A beleza de As Aventuras de Pi está não somente no seu visual deslumbrante, com fotografia e efeitos visuais impecáveis, mas também na forma com que a ambiguidade do desfecho faz com o que o espectador reflita não sobre o filme, e sim sobre si próprio. O que se tira do filme é baseado no que se é.

Há quem argumente a inexistência da ambiguidade: a narração da segunda versão da história, a mais realista, é tão sentimental e objetiva (e a nossa racionalidade é tão grande) que a reação normal é ceder e simplesmente acreditar nela.

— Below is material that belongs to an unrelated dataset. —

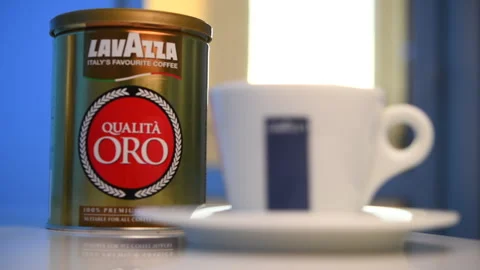 A man drinks Lavazza coffee in a cafe. Stock Footage 302826285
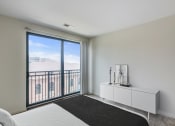 Thumbnail 6 of 29 - bedroom with balcony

Mas, Pi, para satisfazer os funcionários da seguradora, diz que então contou "outra história". Não "o que aconteceu". A natureza fantasiosa do visual de várias sequências do barco também põe em cheque a veracidade do relato, mas o filme é homogêneo em toda sua projeção com este ar de "livro infantil". As supostas cenas imaginárias não destoam. E poderia um menino ter conseguido detalhes tão ricos de uma vida num barco com um tigre somente através de sua imaginação?

Mas, mais importante que aceitar uma ou outra história como real é entender o seu propósito. E isto não está contido no filme: vem das crenças e da experiência de vida de cada um.

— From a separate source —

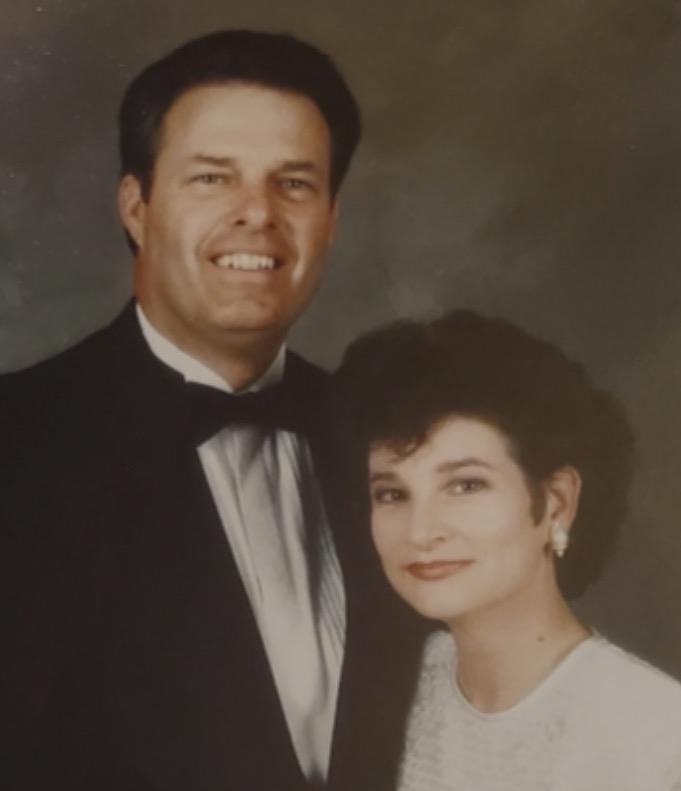 A man and woman posing for a picture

Limitado ao meu próprio histórico e à noção de como outras pessoas que conheço pensam, acredito que o filme claramente abre espaço para quatro interpretações diferentes. Certamente existem outras, mas, de uma forma bem sucinta, são estas que consegui vislumbrar:

a) A segunda história é a real. Porém, a primeira tem um motivo nobre de existir. É comum e válido uma pessoa fantasiar sobre uma experiência traumatizante, para esquecê-la ou superá-la. Algumas pessoas buscam conforto e respostas na psicologia, nos laços familiares, nos amigos, na ciência enquanto outras na fé e em religião. O importante é se redimir, não propagar o mal e levar uma vida honesta, justa. Que bem faz divulgar e remoer os horrores de determinados acontecimentos?

b) A segunda história é a real. A primeira existe para mostrar que a religião não representa fielmente a realidade e propositalmente distorce os acontecimentos para tentar comprovar e exaltar a existência do que prega. Como suas histórias são mais fáceis de digerir, a sociedade acaba se apegando facilmente.

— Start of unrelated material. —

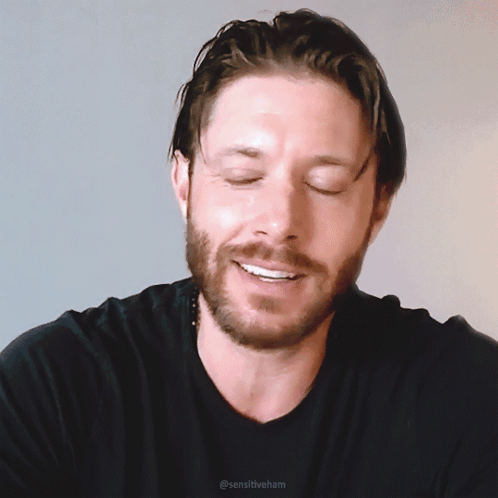 A Man With A Beard Wearing A Black Shirt With Sensitiveham Written On The Bottom GIF
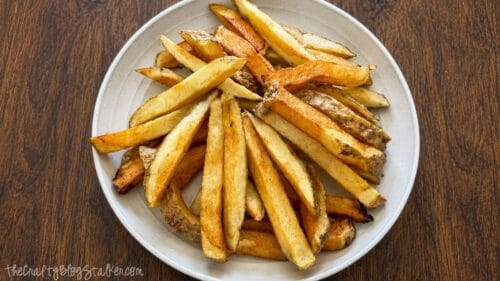 Golden brown homemade French fries with skins on served in a white bowl on a wooden table, ready to top with taco meat and cheese.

c) A segunda história é a real. Mas, a primeira história é a que precisa ser contada. Nossos livros religiosos foram escritos por homens, falhos por natureza, e estão mais para parábolas recheadas de simbolismos do que relatos históricos fiéis. Certamente muita coisa se transformou ao longo do tempo, através de traduções e outras intervenções do próprio homem. Mas isto não é motivo de desmerecimento. Este é o plano divino. As histórias precisam ser contadas daquela forma para despertar os sentimentos corretos e desencadear os acontecimentos certos. As mudanças nas histórias vêm por intercessão divina. "-Qual história você prefere? -A primeira, do tigre. -Deus também."

d) A primeira história é a real. Pode-se argumentar que parte do que foi visto pelo menino poderia ser alucinação, por insolação, fome, solidão, o que for. Mas, isto nem é necessário. Para Deus nada é impossível. O que aconteceu com Pi nada mais é do que um relato, dentre os inúmeros registrados e não registrados, das manifestações de Deus. O filme enaltece a fé e mostra quão difícil é para muitas pessoas simplesmente acreditarem nela só através de depoimentos.

Minha interpretação pessoal é uma dessas quatro e estou satisfeito.
Com o filme e com minha percepção da vida.

"-Então a história tem um final feliz?
 -Depende de você. A história agora é sua."